Com a mudança de governo em 1990, o acordo foi descumprido, o que resultou em ações judiciais movidas pela grande maioria das usinas. Após quase uma centena de casos julgados e inúmeros precatórios pagos aos credores, o Superior Tribunal de Justiça (STJ) e o Supremo Tribunal Federal (STF) estabeleceram que, para os casos ainda não julgados em definitivo, os valores devidos deveriam ser calculados com base no custo de cada empresa. Desse modo, usinas com maior custo receberiam indenizações maiores. Isso significava premiar a ineficiência, gerando o risco de os valores serem maiores do que indicavam os levantamentos da FGV, que eram baseados em custos médios do setor. Deixou-se claro, entretanto, que seriam ressalvados os casos definitivamente decididos.
Agora, a União quer mudar o passado. Ao que se sabe, a Advocacia-Geral da União (AGU) busca reabrir processos definitivos, questionando os precatórios emitidos pelo Judiciário em favor do setor. Isso incluiria até mesmo reaver pagamentos realizados. É inacreditável. Como explicar aos detentores de precatórios, muitos dos quais investidores estrangeiros, que situações consolidadas pelo Judiciário podem ser desfeitas a qualquer tempo? Sem dúvida, esses investidores acreditaram (e acreditam) na solidez e na estabilidade da Justiça brasileira. Confiam que a jurisprudência é séria. O passado não será, portanto, objeto de revisão.
A iniciativa da AGU não parece ter considerado seus graves efeitos colaterais, particularmente o desprezo pela segurança jurídica, que é crucial para formar a percepção de risco do país. A deliberada opção por um novo critério de indenização constituiria, repita-se, um prêmio às empresas que gastam mais para produzir, em lugar de reconhecer o esforço das empresas que buscaram ser mais eficientes.

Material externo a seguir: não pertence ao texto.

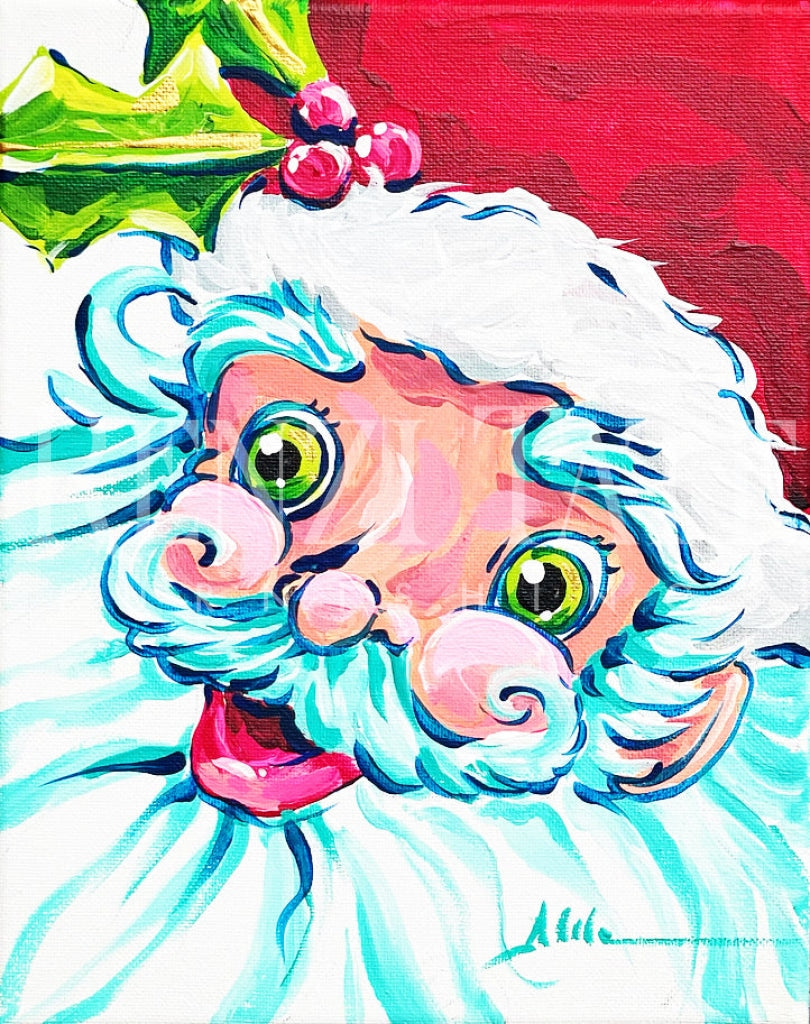 Holly Jolly Santa Christmas Painting Christmas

Caso o Judiciário passe a autorizar a desconstituição de suas próprias decisões, minando transações consolidadas e, no limite, admitindo a devolução de valores já pagos, a mensagem ao mercado será clara: no Brasil, até mesmo os créditos chancelados pela Justiça são incertos. A insegurança jurídica e o impacto na credibilidade do país seriam gravemente atingidos. Seria uma reedição do calote imposto pela Emenda dos Precatórios no governo anterior. O STF, em decisão recente, a inquinou de inconstitucional.
A União não deveria patrocinar litígios que levariam o Brasil de volta ao passado. Do Judiciário se espera a reafirmação do preceito, que tem origens históricas e institucionais, segundo o qual suas decisões definitivas não podem ser refeitas ao sabor do interesse de governos da hora. É hora de encerrar cerca de quarenta anos de descumprimento de acordos firmados pela União com o setor sucroalcooleiro.